Kindly inform me what can I do….Mean while, I am aslo searching the web for a solution.

This is probably due to the filesystem that your hard drive is formatted to. Each filesystem has a file size limit of its own. Chances are that the hard drive is formatted as FAT32, which has a 4GB max filesize. If you need it to be able to deal with larger files, consider reformatting to ext3(with a limit of between 16GB to 2 TB)) or something else.

Hi,
I tried as per your suggestion.The explanation is very good. It worked well for me. Thanks a lot.

try this command.
#dd if=/dev/zero of=/filesize bs=1024 count=xxxx // to create large file.
If this helps you to create expected filesize then filesystem/os does not limits you.
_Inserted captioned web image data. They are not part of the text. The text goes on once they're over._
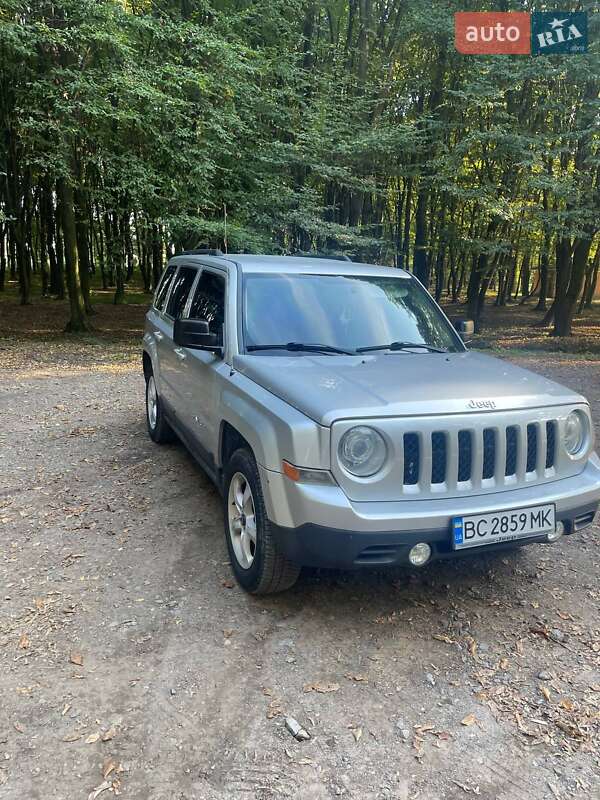 Позашляховик / Кросовер Jeep Patriot 2011 в Львові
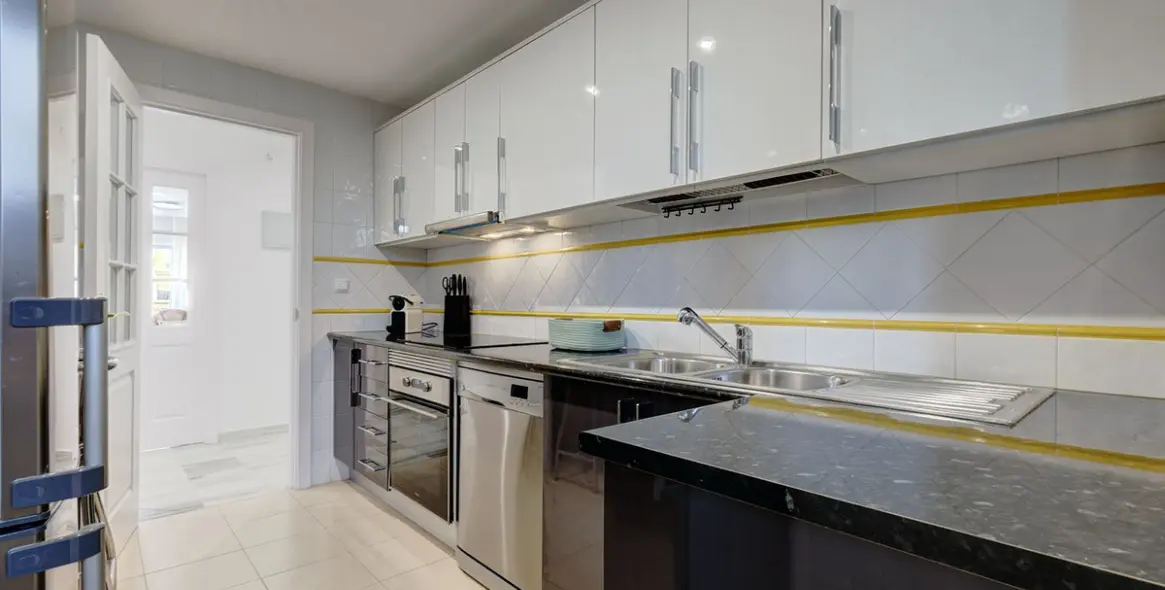 Short-term rent of ground floor apartment in Cabopino 52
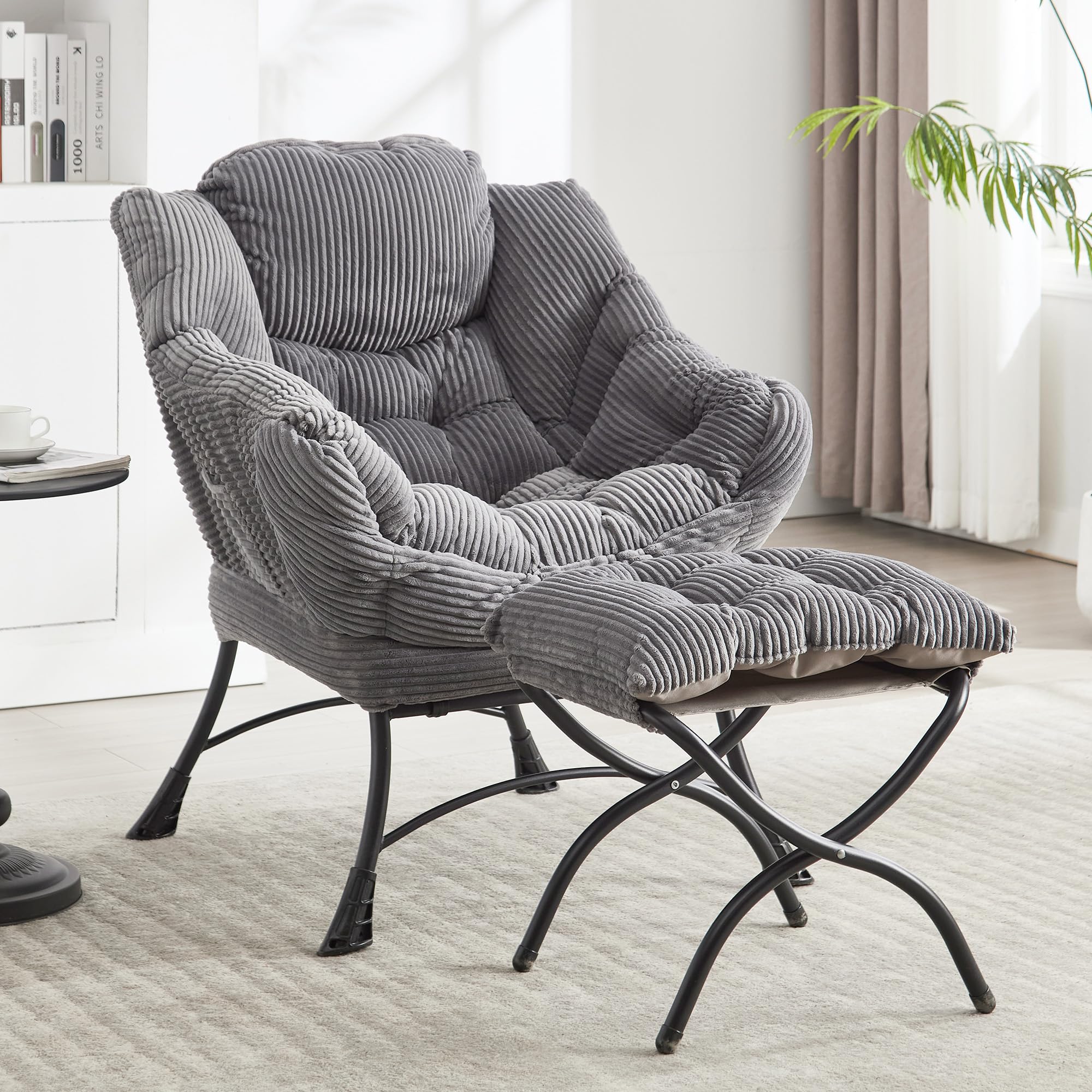Faulenzersessel mit Ottomane, Relaxsessel mit Hocker – Schlafzimmerstuhl für Erwachsene, moderner Lounge-Akzentstuhl mit Armlehnen, ergonomische Fußstütze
To create this sort of filesize you have to use LFS. becoz bydefault 32bit compilation is able to address at most 2^31 bytes(2GB).
1. open file with O_LARGEFILE flag or’ed with other falgs.
2. compile your code with -D_LARGEFILE_SOURCE -D_LARGEFILE_SOURCE64 -DLARGEOFFSET_BITS=64

suggestion of converting usb hdd to ext3 format is good. but that format will not be detected in windows xp. so how to come out this problem.
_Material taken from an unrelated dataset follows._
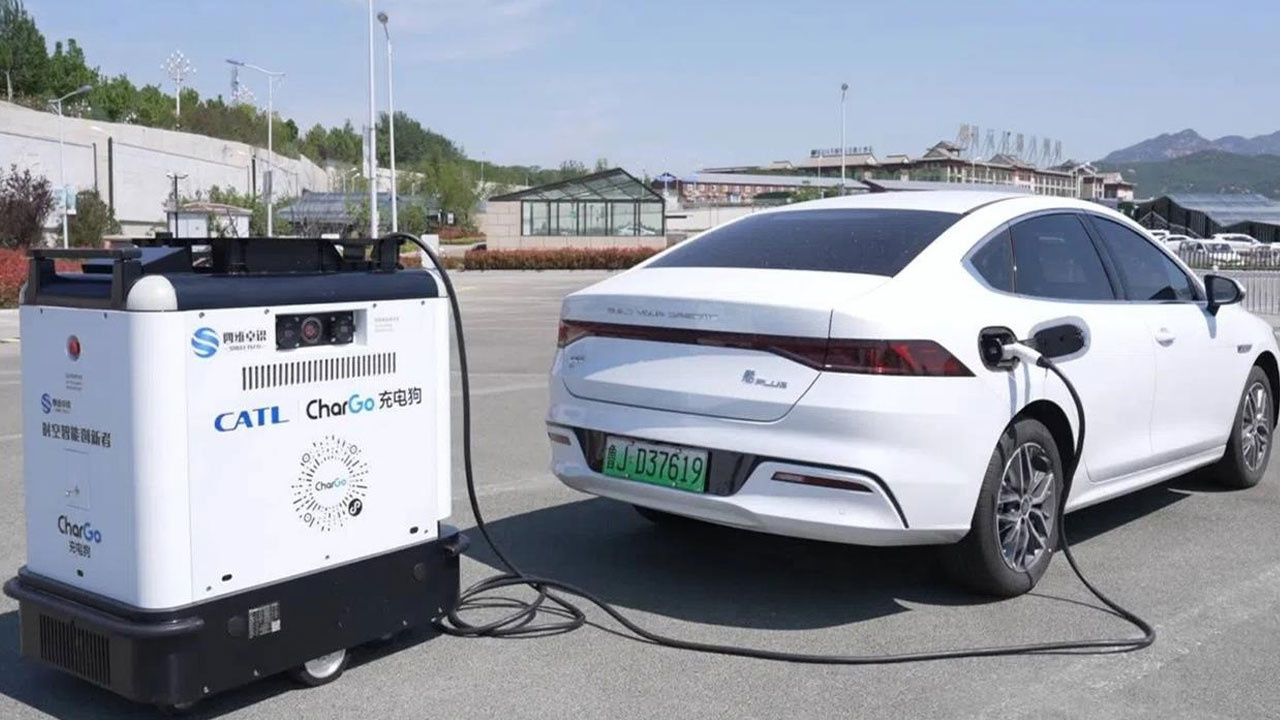 Şarj istasyonu ayağınıza geliyor: Çin’den mobil robot çözümü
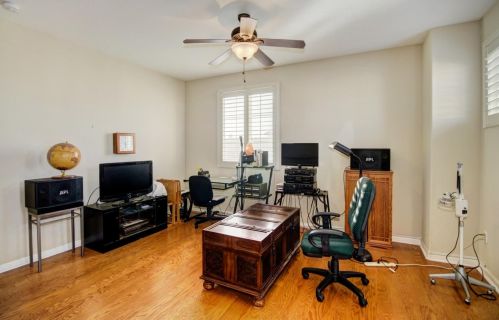 9872 Winkle Cir, Elk Grove CA  95757-6276 exterior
I ran into this, where the apparent limit was 16 GB. To cope with lots of little files, i’d gone out of my way to set up the ext3 filesystem with 1 KB blocks. ext3 with 1 KB blocks limits files to 16 GB. Here’s the schedule:

Ubuntu itself does not have file size limits — It depends what file system you are using the standard is ext3. My drive was under 256GB, so i went with 2 KB blocks.

Filesystem File Size Limit Filesystem Size Limit
ext2/ext3 with 1 KiB blocksize 16448 MiB (

16 GiB) 2048 GiB (= 2 TiB)
ext2/3 with 2 KiB blocksize 256 GiB 8192 GiB (= 8 TiB)
ext2/3 with 4 KiB blocksize 2048 GiB (= 2 TiB) 8192 GiB (= 8 TiB)
ext2/3 with 8 KiB blocksize (Systems with 8 KiB pages like Alpha only) 65568 GiB (

64 TiB) 32768 GiB (= 32 TiB)
ReiserFS 3.5 2 GiB 16384 GiB (= 16 TiB)
ReiserFS 3.6 (as in Linux 2.4) 1 EiB 16384 GiB (= 16 TiB)
XFS 8 EiB 8 EiB
JFS with 512 Bytes blocksize 8 EiB 512 TiB
JFS with 4KiB blocksize 8 EiB 4 PiB
NFSv2 (client side) 2 GiB 8 EiB
NFSv3 (client side) 8 EiB 8 EiB

I love this Q & A stream. I had the file size limit problem and was able to quickly try all the tests proposed here. It is quite clearly a problem with the program I was using. (SoX as it happens.)

Thanks for an excellent diagnosis!

What I’m supposed to do when i got this message(when i’m root and i try to copy a too large file, I suppose) but an empty /etc/security/limits.conf file ? (not really empty, but just some comments)

Thanks I was also facing the same problem I formatted my USB HDD with ext3 fs after it solved my problem Thanks a ton. I have partition my drive into two part one I had formatted with ext3 (space 120 GB) for testing purpose and rest partition I will format with NTFS (with space 190 GB)and will check again whether this problem will solve in NTFS filesystem or not.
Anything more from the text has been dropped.